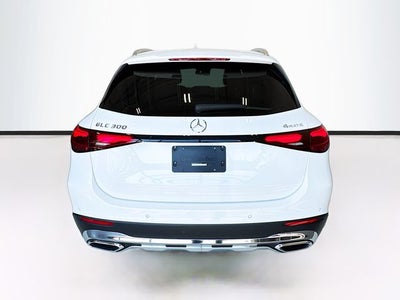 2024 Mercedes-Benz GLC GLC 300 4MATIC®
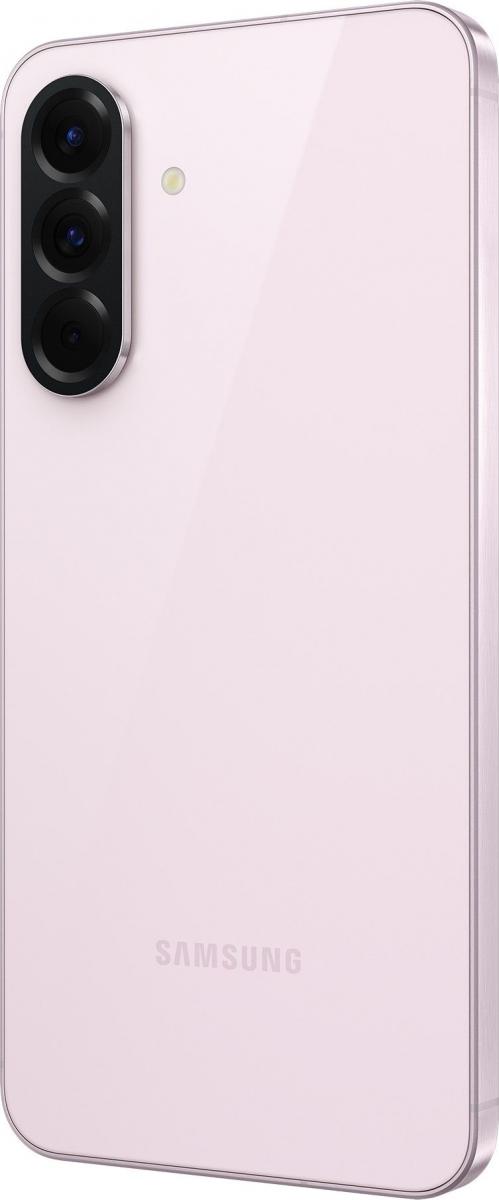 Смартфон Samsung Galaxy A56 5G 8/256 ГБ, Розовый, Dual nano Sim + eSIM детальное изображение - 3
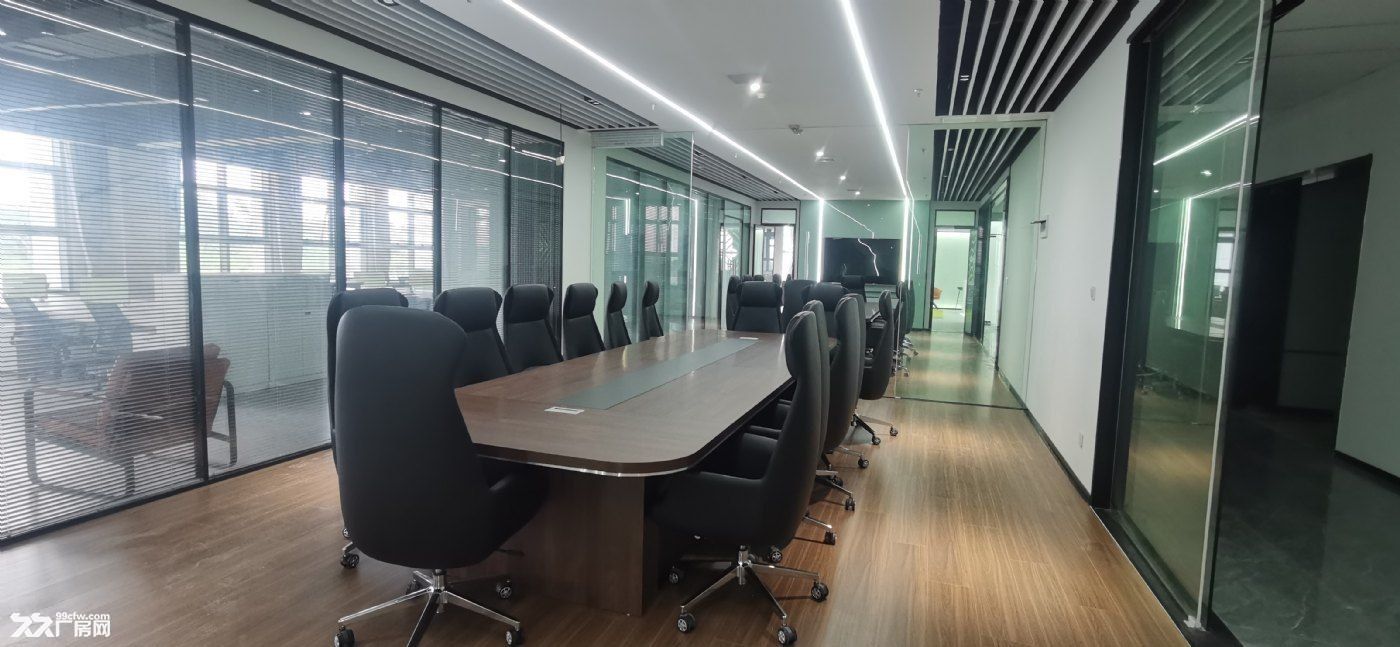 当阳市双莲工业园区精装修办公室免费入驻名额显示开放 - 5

··········

> _Try it_
Each line of the data must be transcribed exactly; pictures are not carried over.

> _Answer space_
 2024 Mercedes-Benz GLC GLC 300 4MATIC®
 Смартфон Samsung Galaxy A56 5G 8/256 ГБ, Розовый, Dual nano Sim + eSIM детальное изображение - 3
 当阳市双莲工业园区精装修办公室免费入驻名额显示开放 - 5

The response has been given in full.